Transcribe the listing verbatim, please, with images dropped.

Segment Start: Provided data

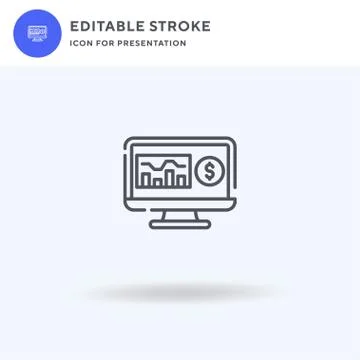 Computer icon vector, filled flat sign, solid pictogram isolated on white, logo Illustrazione stock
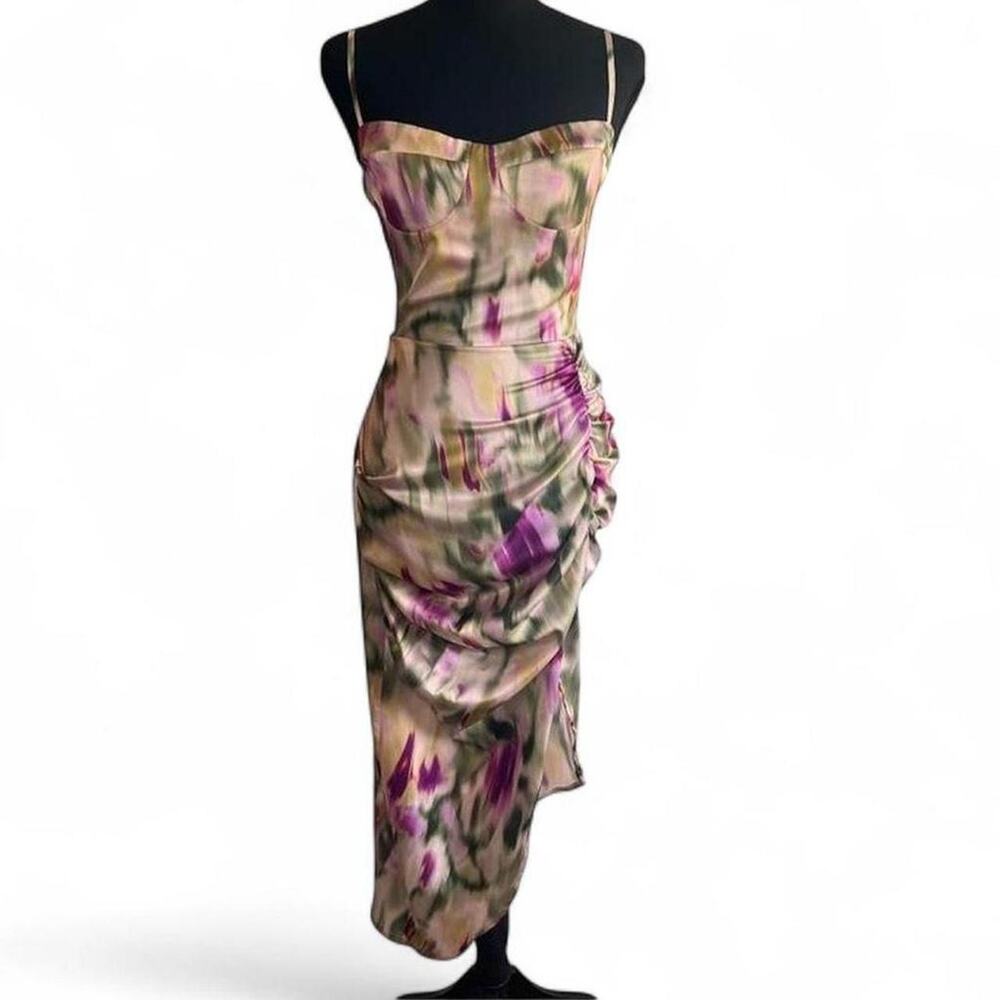 Cider Floral Midi Dress Ruched Bustier Watercolor Women's S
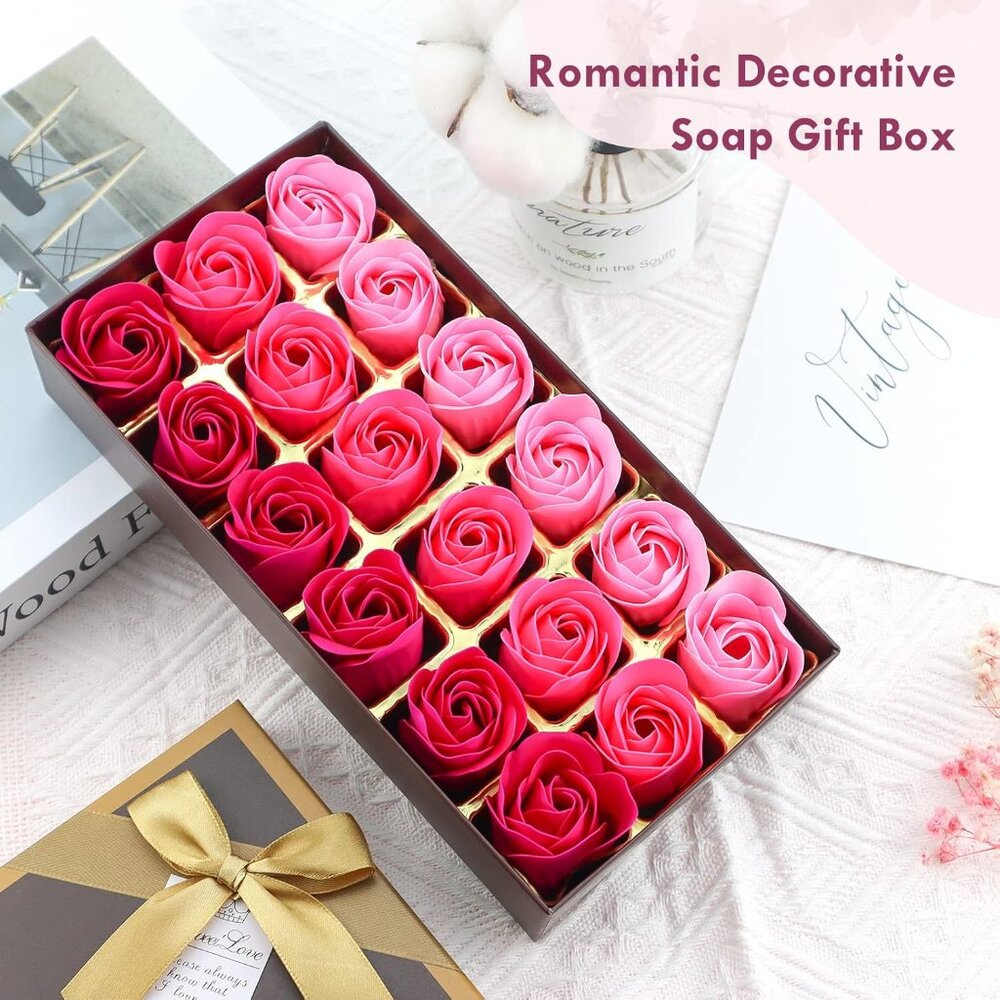 🌹18pc Rose Soap Petals Gift Set Red Pink Scented Bath Floral Decor Gift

Segment End: Provided data

(Answer space)
 Computer icon vector, filled flat sign, solid pictogram isolated on white, logo Illustrazione stock
 Cider Floral Midi Dress Ruched Bustier Watercolor Women's S
 🌹18pc Rose Soap Petals Gift Set Red Pink Scented Bath Floral Decor Gift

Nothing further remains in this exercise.